=== Your assignment ===
Return the lines of the data below starting at the one holding "POLSTERBETT mit Bettkasten" and ending at the one holding "Canada perfin Robert Simpson Co Toronto", word for word, leaving every picture out.

=== Given records ===
+===+

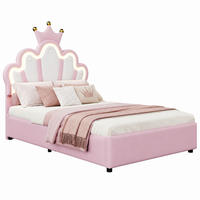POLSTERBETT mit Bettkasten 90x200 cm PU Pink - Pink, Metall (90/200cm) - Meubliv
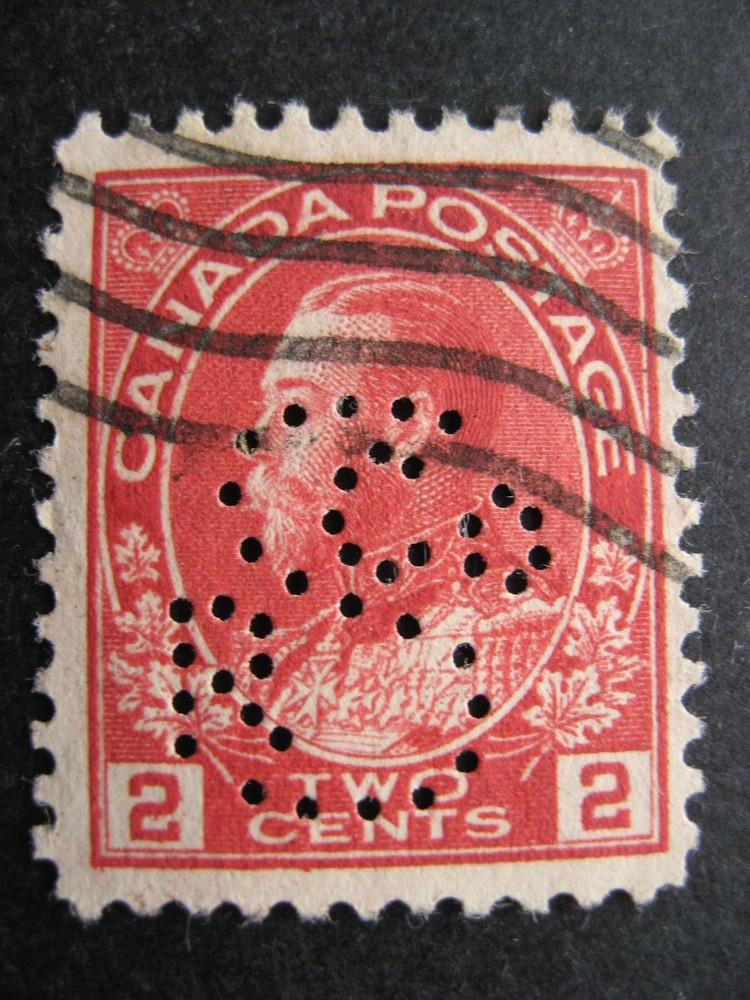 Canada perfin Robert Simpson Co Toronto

+===+

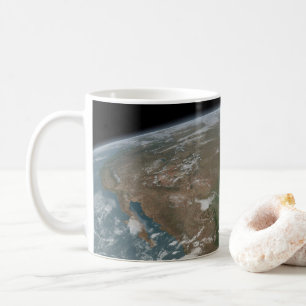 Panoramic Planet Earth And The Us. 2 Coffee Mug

+===+

=== Result ===
POLSTERBETT mit Bettkasten 90x200 cm PU Pink - Pink, Metall (90/200cm) - Meubliv
 Canada perfin Robert Simpson Co Toronto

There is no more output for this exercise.